サービス開始から5年、おサイフケータイはどこへ行く?神尾寿の時事日想(1/2 ページ)

» 2009年01月07日 16時20分 公開
[神尾寿,Business Media 誠]
初代おサイフケータイ(iモードFeliCa)を手にプレゼンテーションを行う夏野剛氏、2004年撮影

 「最初の2年は準備段階、3年目にブレイクスルーをして、5年後には(多くの人々の)生活インフラになる」

 2004年6月16日。生まれたばかりのおサイフケータイを片手に、当時NTTドコモでマルチメディアサービス部長だった夏野剛氏(現、慶應義塾大学大学院、政策・メディア研究科特別招聘教授)はそう語った。ソニーの非接触IC“FeliCa”を携帯電話に内蔵し(モバイルFeliCa)、ネットサービスと携帯アプリを介して、携帯とリアルなサービスやビジネスを結びつける。このコンセプトはとても斬新で、当時から「5年後の世界」を見据えたものだった。

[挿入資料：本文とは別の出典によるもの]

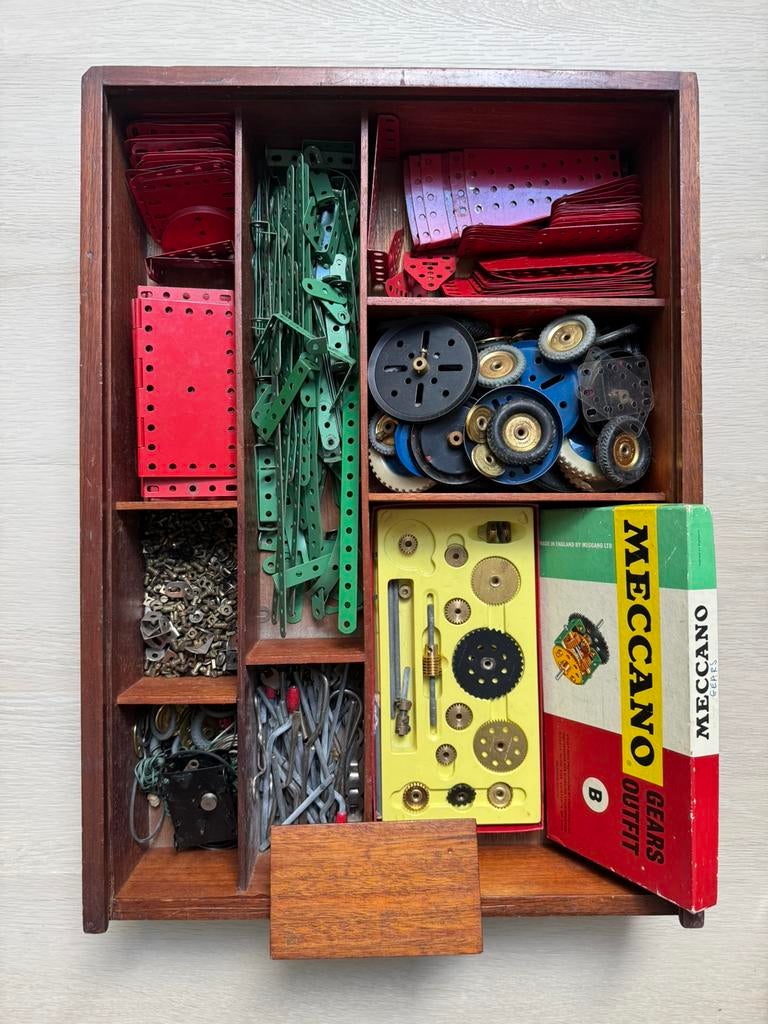 Meccano set met diverse bouwonderdelen en handleidingen, Ophalen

 2009年、おサイフケータイは登場から5年目に入った。

 おサイフケータイの普及台数は約5300万台に達した。携帯電話の総契約数は約1億。この中には通信モジュールや法人契約の携帯電話、音声定額目当ての2台目需要といったものも含まれているので、個人ユーザーがおサイフケータイを所有している割合は、すでに70%を越えたと見ていいだろう。気が付けば、おサイフケータイは日本の携帯電話サービスやビジネスで重要な“インフラ”にまで、その規模を拡大している。

おサイフケータイには“指でカードを持つ”ことをイメージしたマークが付けられている。マークは3キャリア共通(左)。とはいえ、当初登場したときはおサイフケータイはドコモのみのサービスだった。2004年の夏モデルとして登場した、初代おサイフケータイの1つ、ソニー・エリクソンの「SO506iC」(中)。おサイフケータイに内蔵されているFeliCaチップ(右)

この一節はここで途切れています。